Dans notre Parasha, Yossef s’est également distingué par son extraordinaire Emounah. Il ne voyait, dans tous les évènements de la vie courante et dans toutes ses réussites, que la main bienfaitrice d’Hashem. Il n’est donc pas étonnant de constater sa miraculeuse réussite qui l’a fait passer de prisonnier à Vice-roi !

Notre Paracha nous révèle son secret : « le nom d’Hachem était perpétuellement dans sa bouche ». A force de remercier sincèrement Hachem pour chaque chose et de placer toute sa confiance en Lui malgré les épreuves, Yossef a pu atteindre de hauts niveaux de Emounah.

Le Rav Friedlander ajoute que si Yossef s’est tellement renforcé en Emounah c’est parce qu’il n’hésitait pas à prier Hachem à de nombreuses reprises dans la journée, même pour de petites choses, montrant ainsi qu’il était conscient que tout est entre Ses mains. C’est de cette manière qu’il a réussi (comme Rabbi H’anina Ben Dosa après lui) à annuler la notion de nature et de miracle, en priant Hachem pour des choses simples et naturelles, de la même manière que l’on prie Hachem pour qu’il nous envoie de grandes délivrances.

C’est ainsi qu’Hachem veut que l’on se comporte avec Lui.

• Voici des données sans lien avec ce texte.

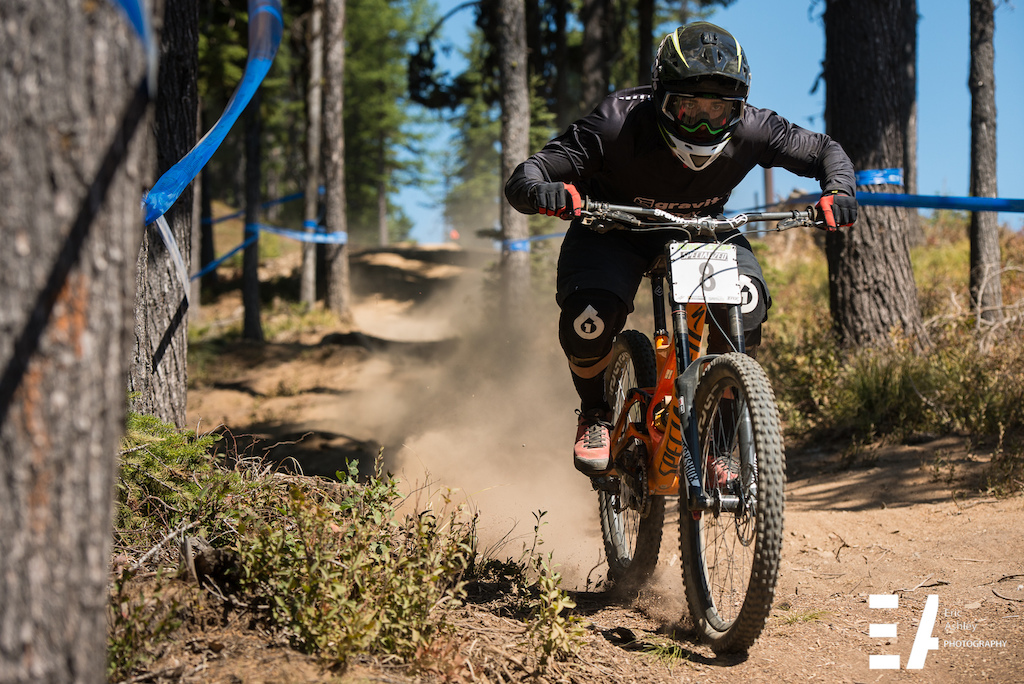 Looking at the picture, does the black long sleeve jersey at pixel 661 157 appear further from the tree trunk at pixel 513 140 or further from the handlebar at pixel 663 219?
the tree trunk at pixel 513 140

Il attend qu’on se tourne vers Lui constamment et pas seulement dans les situations désespérées.

D’ailleurs il est tranché dans le Choulkhan aroukh (Ora’h H’ayim 230-4, expliqué par le Michna Broura 6) qu’avant la prise de médicament, ou avant n’importe quel soin médical, nous avons l’obligation de dire une prière pour leur réussite afin d’affirmer et d’ancrer en nous que la guérison n’est qu’entre les mains d’Hachem.

Le Chaar Hatsioune (sur place) ajoute qu’avant chaque entreprise (même une simple course) nous devons prier pour que Hachem la fasse réussir.

Le Rav Friedlander répond qu’en fait, les cinq expressions de la prière de « Al Hanissim », citées pour décrire les Juifs (faibles, peu nombreux, justes, purs et étudiant la Torah) sont toutes des raisons qui expliquent leur victoire, même les termes « faibles » et « peu nombreux ». Se sentir faible est en réalité un atout pour gagner, car Hachem n’aide pas ceux qui se croient forts, ceux qui ne reconnaissent pas qu’ils ont besoin de Lui dans tous les domaines. Comme il est écrit dans les Téhilim (100 ; 3) : « Il est notre D. et nous sommes Son peuple, le petit bétail qu’il fait paître ».

Le Midrach (Yalkout Chimoni 247) commente : Quand est ce que nous sommes Son peuple ? Quand nous nous sentons comme un petit bétail dépendant de son berger. Si au contraire nous nous sentons forts comme des lions et que nous nous en vantons, nous ne sommes plus aimés par Hachem.

Ainsi une des marques de grandeur spirituelle la plus importante pour un Juif c’est de se sentir petit, faible comme un agneau, entièrement dépendant d’Hashem. Dans la prière de « Al Hanissim », les Juifs sont appelés « faibles » pour rappeler cette qualité d’humilité.

De même le facteur nombre (une dizaine contre des millions de Grecs) ne fut pas un handicap pour cette victoire entièrement miraculeuse, car seuls des hommes qui sont capables de partir au combat avec si peu de soldats sont aptes à être sauvés par Hachem et à mériter de si grands prodiges. Par leur abnégation, ils ont prouvé leur attachement à la Torah et leur confiance en Hachem qui dépasse de loin la logique et le rationnel. C’est justement parce qu’ils étaient peu nombreux, preuve de leur Emounah parfaite, qu’ils ont remporté la guerre.

Il est écrit dans Mishlé « Reconnais Hachem dans tous tes chemins et Il les aplanira » (3,6). Rabénou Yona commente : il existe des personnes qui ne prient Hachem que pour des choses importantes : une affaire commerciale, un grand voyage… mais lorsqu’il s’agit d’un évènement courant, ils ne Le mentionnent pas. Peut être parce que la chose leur semble naturelle, ou parce que son échec n’entraînerait pas de graves conséquences.

Cependant, même si c’est une petite chose au niveau matériel et qu’à nos yeux elle ne mérite pas une prière. Au niveau spirituel, en revanche, l’enjeu est énorme car cette prière nous permet d’ancrer en nous que tout dépend d’Hachem de façon équivalente, la nature et le miracle.